La quiete dopo la tempesta. Si é concluso questo ennesimo Fuorisalone, anzi pardon, Design Week. Tutte le cose sembrano essere tornate alla normalità, a partire dal traffico che questa mattina era meno congestionato rispetto agli ultimi giorni. É tornato anche il sole. Si perché figuriamoci se il tempo non doveva rompere le palle proprio durante la Design Week, con pioggia e gelo di novembre. Ma se guardiamo indietro, che cosa ci é rimasta di questa settimana del design?
A parte la sbronza accumulata dell’ennesimo evento tenuto ieri per la chiusura (se siete coraggiosi ne avete fatti almeno un paio) questa Design Week, forse un po’ come tutte le altre, ce la saremo dimenticata tempo un paio di giorni. A detta di tanti, l’edizione di quest’anno é stata deludente più del solito. Ma ci dobbiamo fidare di quello che dicono gli esperti, perché diciamoci la verità, a parte quelli che con il design ci lavorano e qualche vero appassionato, tutti gli altri non capiscono un cazzo di design. Il Fuorisalone é una grande occasione per vedere una città meravigliosa come Milano che prende vita al ritmo di una trasformazione super sayan (roba di Dragonball) e soprattutto per sbevazzare gratis agli eventi e fare foto su Instagram.

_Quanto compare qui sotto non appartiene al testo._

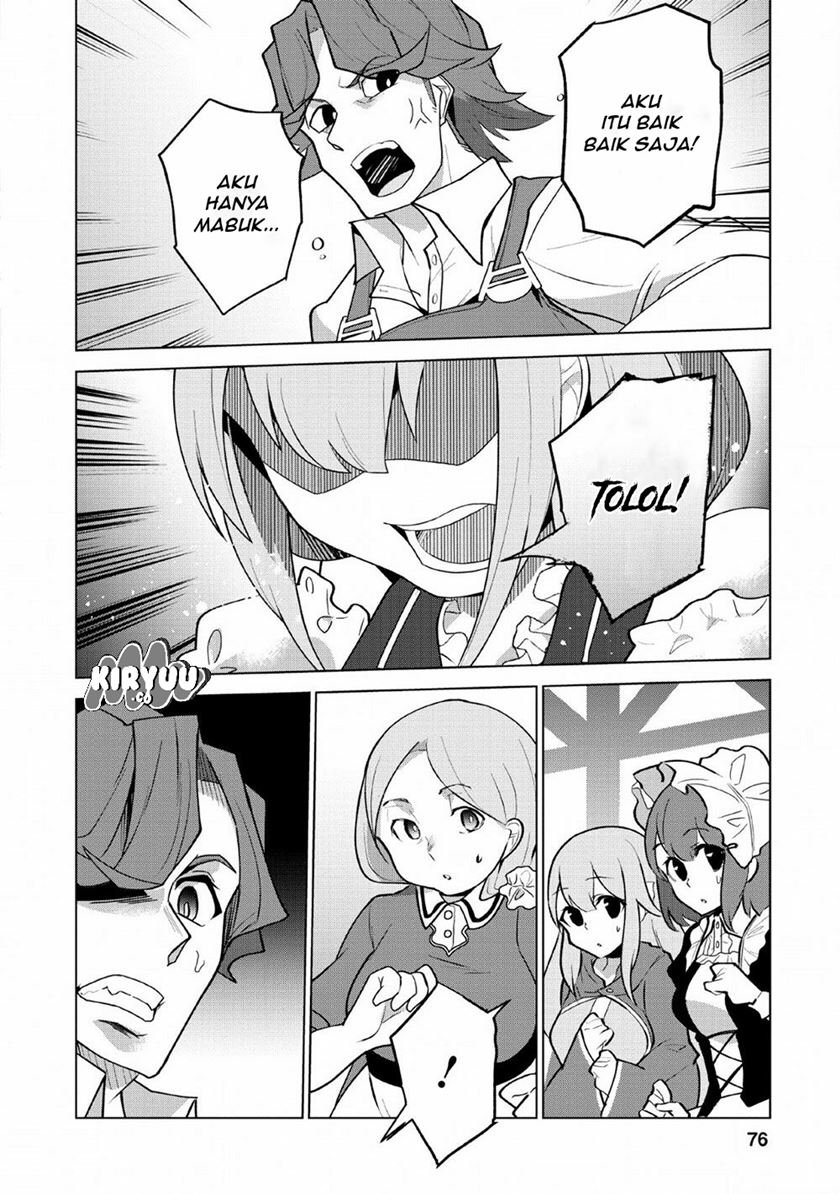 Koryuu nara Sude de Taosemasu kedo, Kore tte Joushiki janain desu ka? Chapter 08 Gambar 15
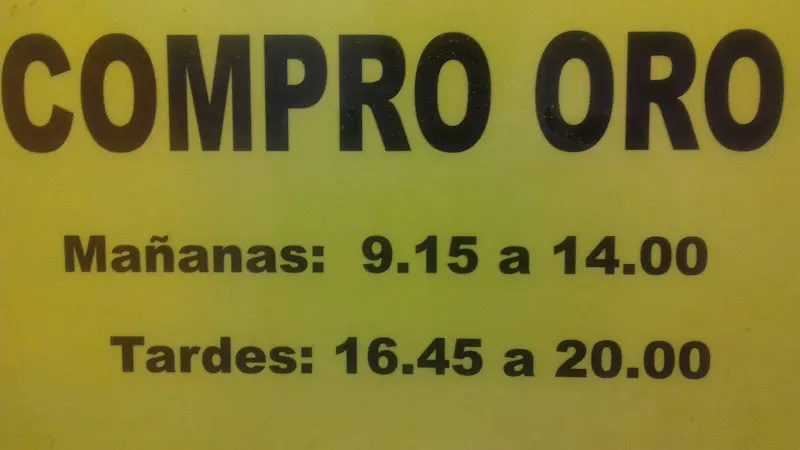COMPRO ORO - Rivas-Vaciamadrid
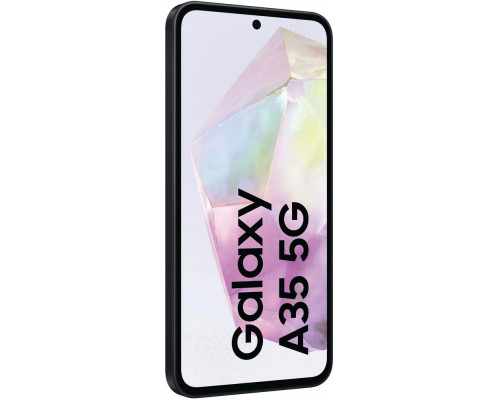 Смартфон Samsung Galaxy A35 5G 8/128Gb темно-синий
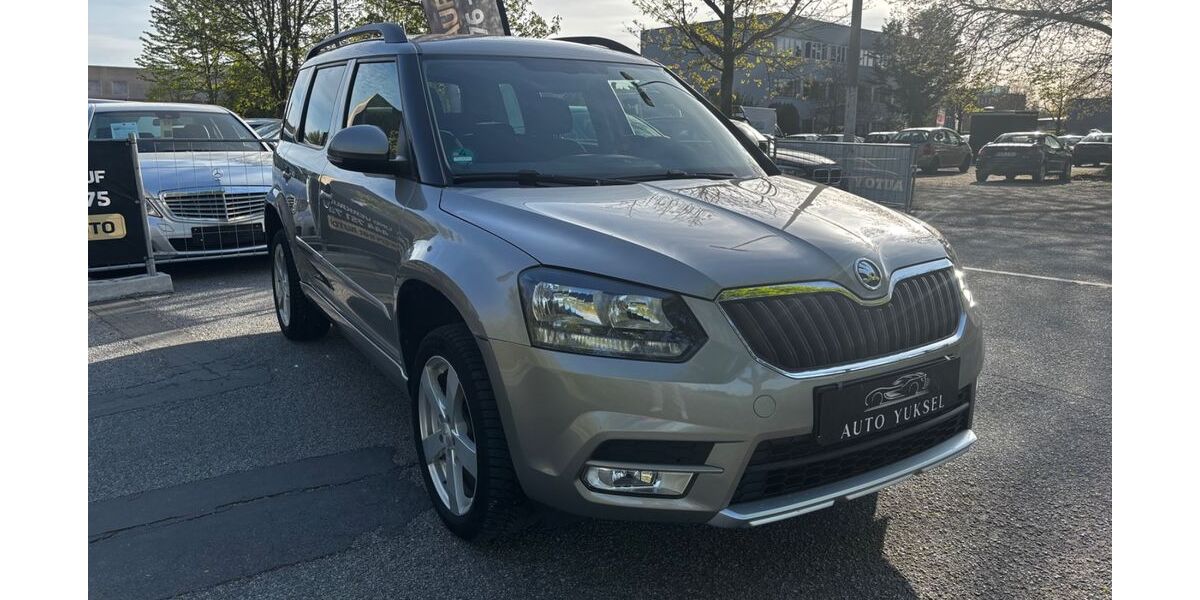 Skoda Yeti 176.500 km 7.590 &euro; Heppenheim 64646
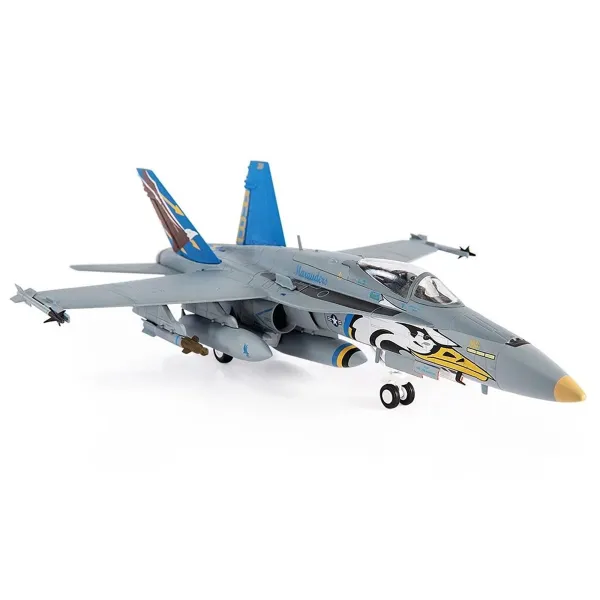 F/A-18C Hornet U.S. Navy VFA-82 Marauders 2004 livery Diecast - 1/72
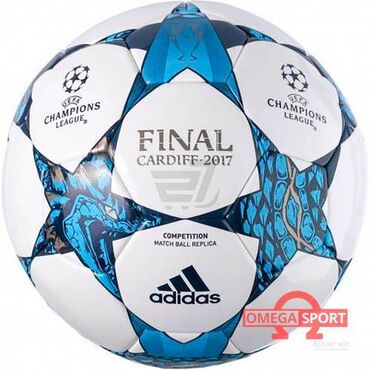 мячи для футбола: Мяч для футбола Марка Adidas Размер 4 Вес: 400 гр Материал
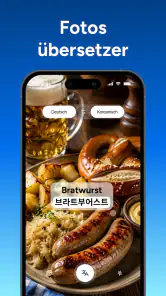 Übersetzer KI - Translate AI screenshot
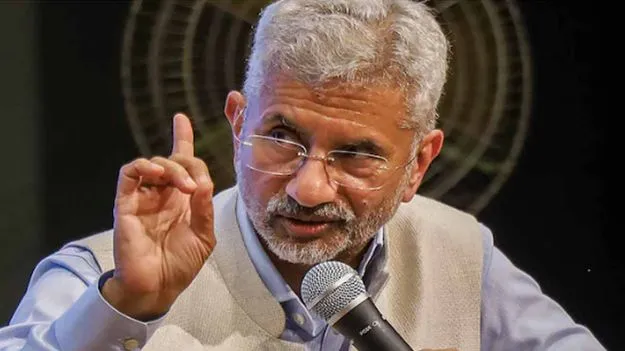  భారత్‌కు ప్రత్యేక గౌరవం ఉంది, పాక్‌లా దళారీ దేశం కాదు: జైశంకర్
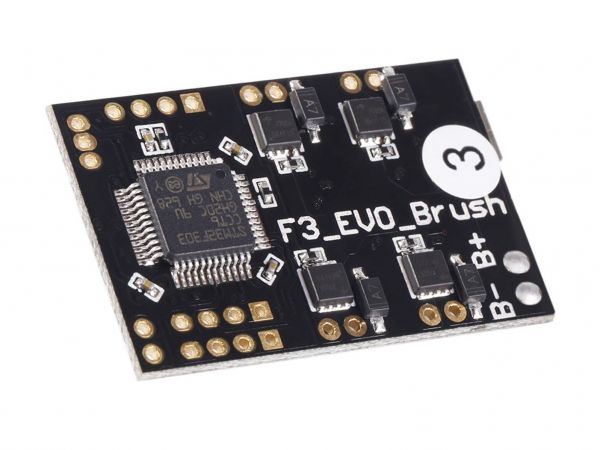 Політний контролер SP Racing F3 EVO колекторний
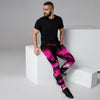 Vivid Hallucinations - Men's Accent Joggers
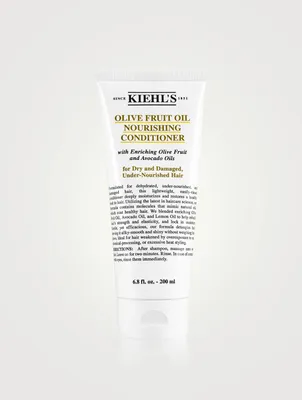 Olive Fruit Oil Nourishing Conditioner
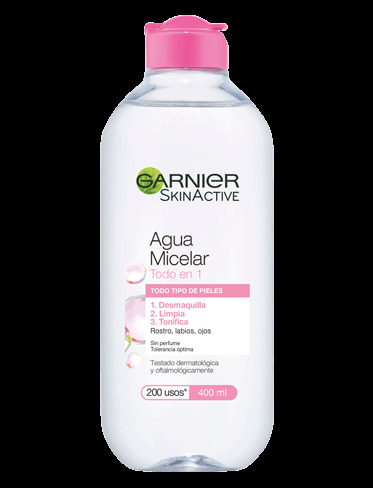 Moda ¿Qué es el agua micelar? | Blog Garnier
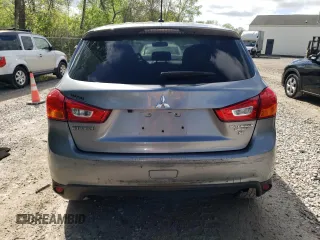 2016 Mitsubishi Outlander ES с VIN JA4AR3AW7GZ050733, выставлен на аукционе Copart как лот 56662105 с пробегом 170 895 миль миль и Списание • Salvage title. История ставок и продаж доступна на DreamBid. Изображение 6.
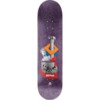 Almost Skateboards Max Geronzi Relics Blue Skateboard Deck Resin-7 - 8.12" x 31.7"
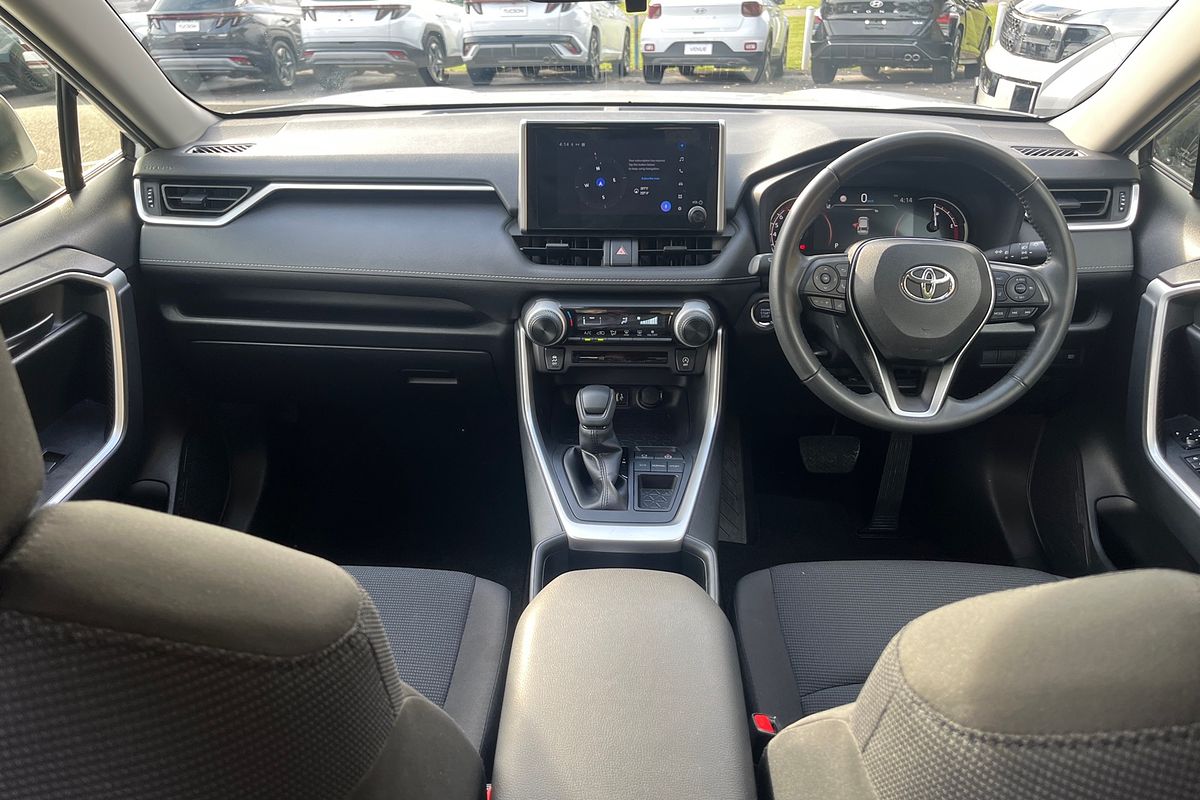 2023 Toyota RAV4 GX MXAA52R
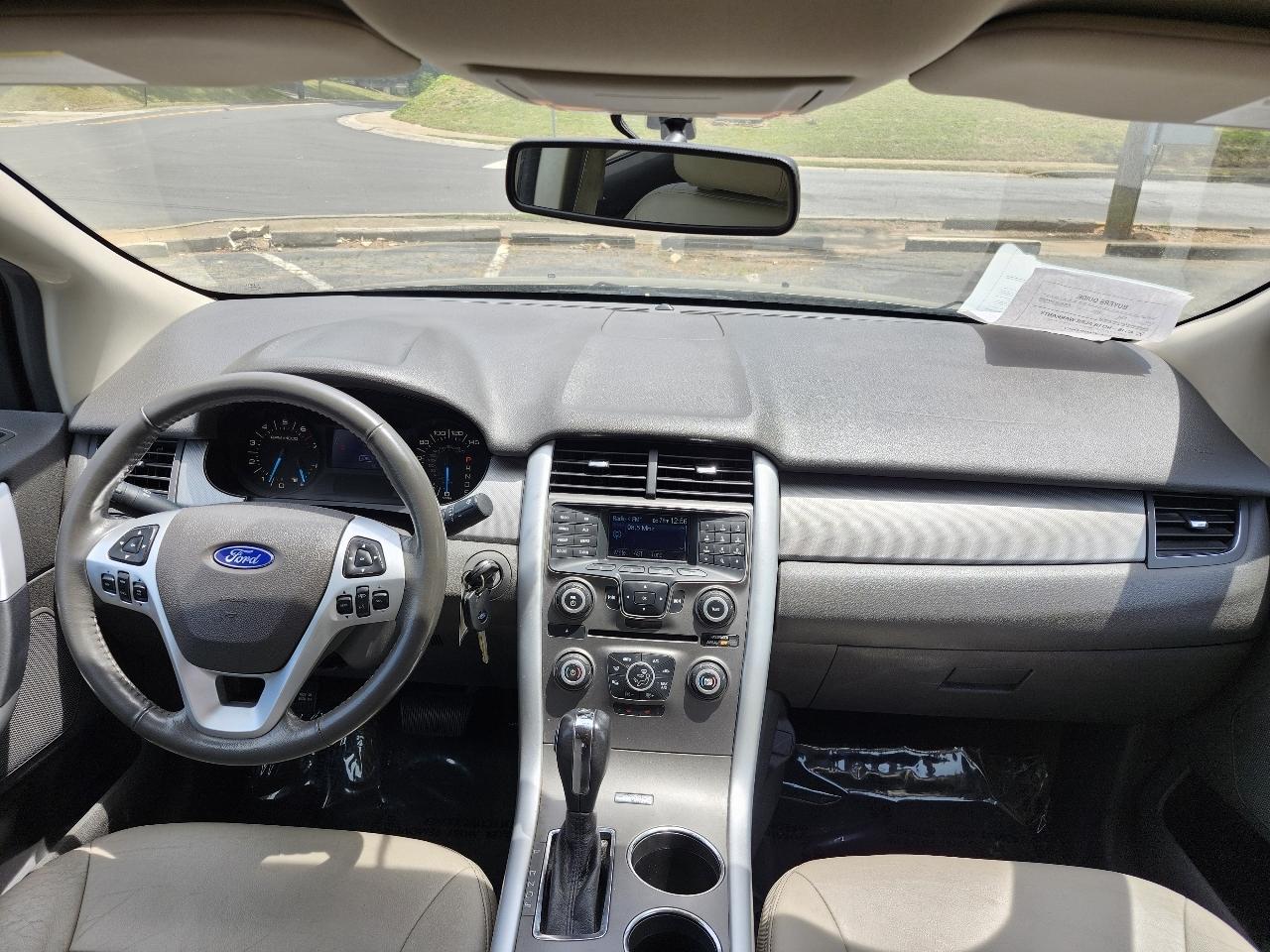 Ford Edge SEL FWD 2013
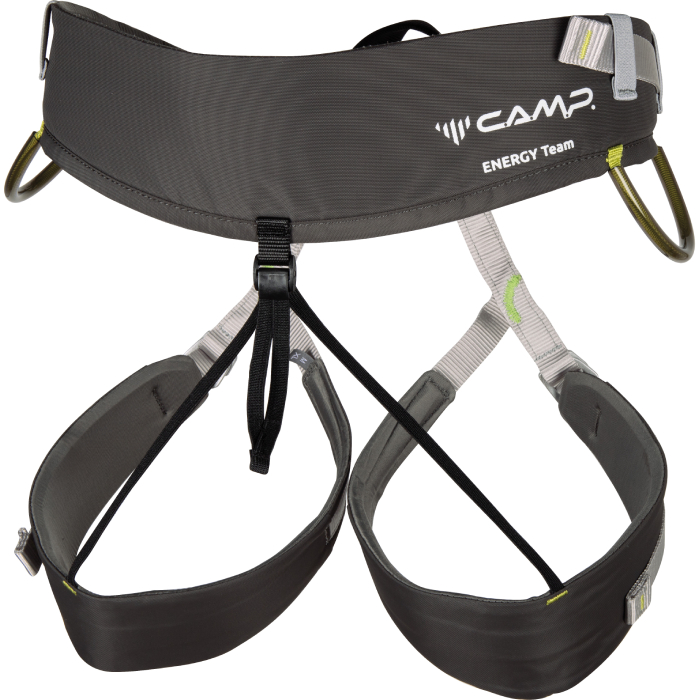  CAMP Energy Team Climbing Harness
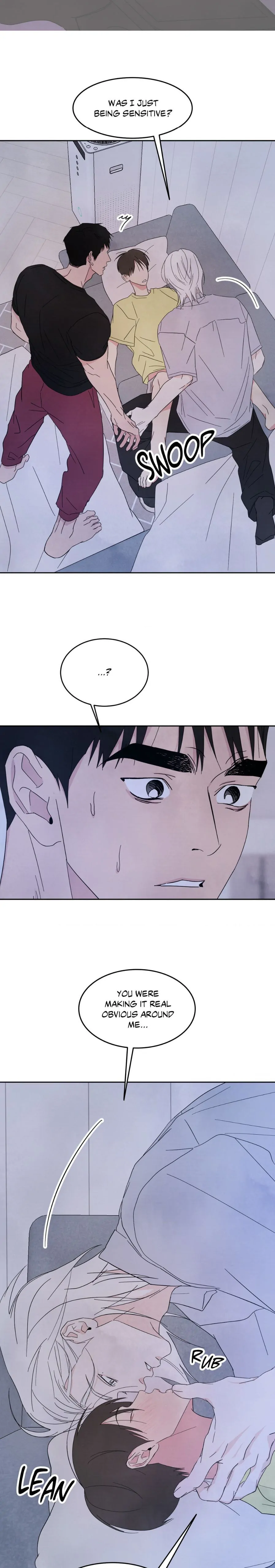Topsy-Turvy [Official] - Chapter 54 manhwa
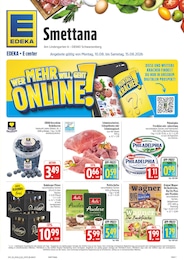 EDEKA Prospekt für Breitenbrunn: "Wir lieben Lebensmittel!", 38 Seiten, 10.08.2026 - 15.08.2026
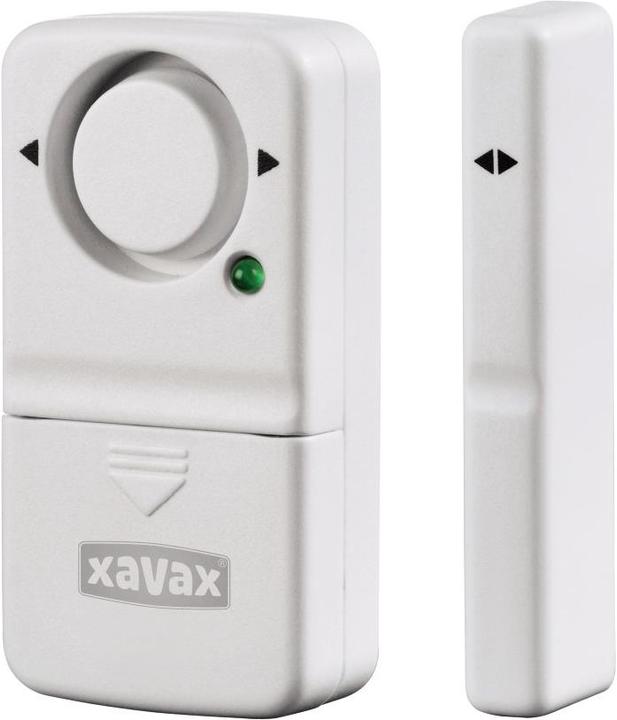 Produktbild Xavax Fenster-/Tür-Alarm-Sensor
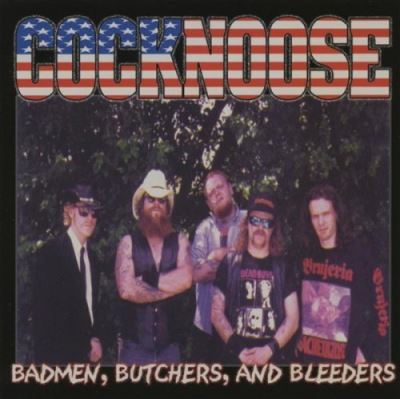 Men butchers and bleeders/inclus titre bonus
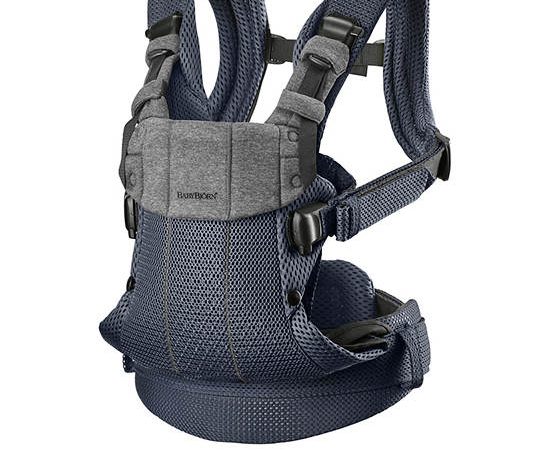 BABY BJORN Baby Carrier Harmony 3D Mesh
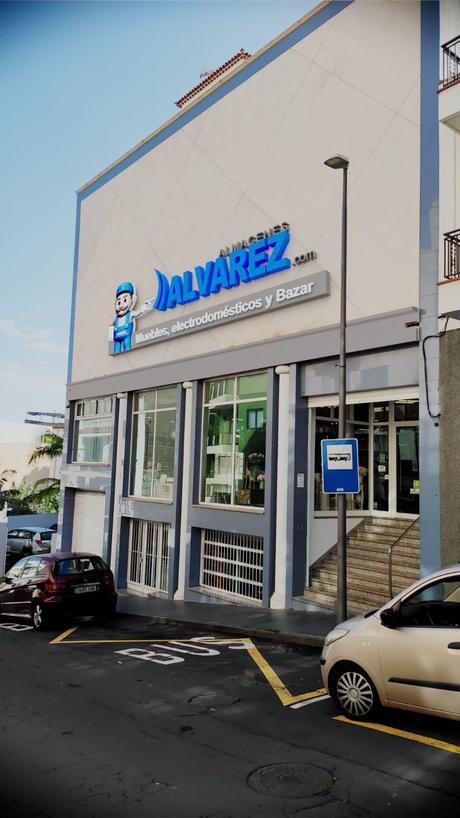 Adquisición del dominio de Tenerife Electrodomésticos, la nueva estrategia de Almacenes Álvarez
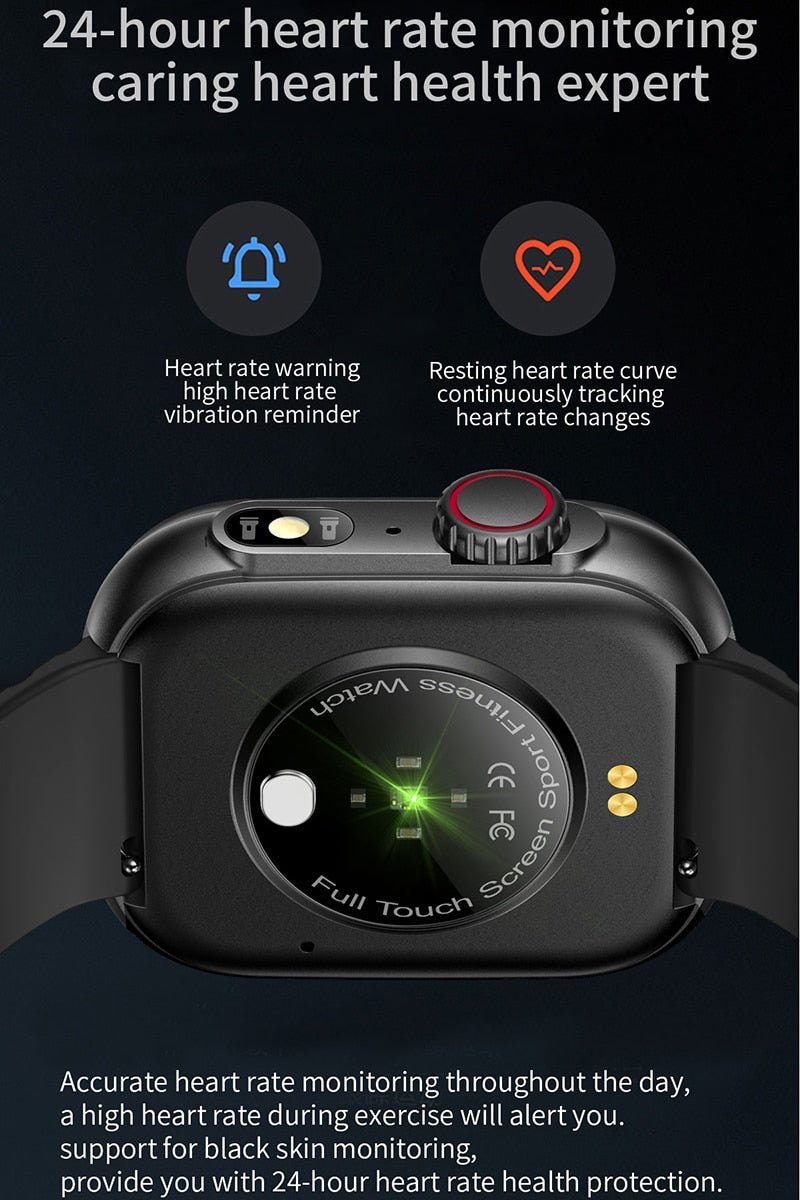 Relógio Smartwatch para Mulheres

La parola d’ordine della Design Week é “installazione”. La città ne é piena e pensate che a volte siamo così stronzi da fare ore ed ore di code per entrare a vedere una installazione bruttissima, o magari bellissima, ma di cui non cogliamo il significato. Tanto basta una storia su Insta e via, aggiunta la tacca sul taccuino del degustatore di design. E badate bene, va benissimo così, il meccanismo é volutamente fatto per intrattenere e per piacere alle persone. Il design, così come l’arte, ormai deve tenere conto del livello di fotogenia di un’opera e ça va sans dire che tutto questo é dovuto ai social.
Qual é forse il vero aspetto incredibile della Design Week? La possibilità di vedere strutture, palazzi ed interni che solitamente sono chiusi al pubblico, se poi c’é all’interno una piscina di palline rosa, meglio ancora. Si però poi tutti a far l’aperitivo!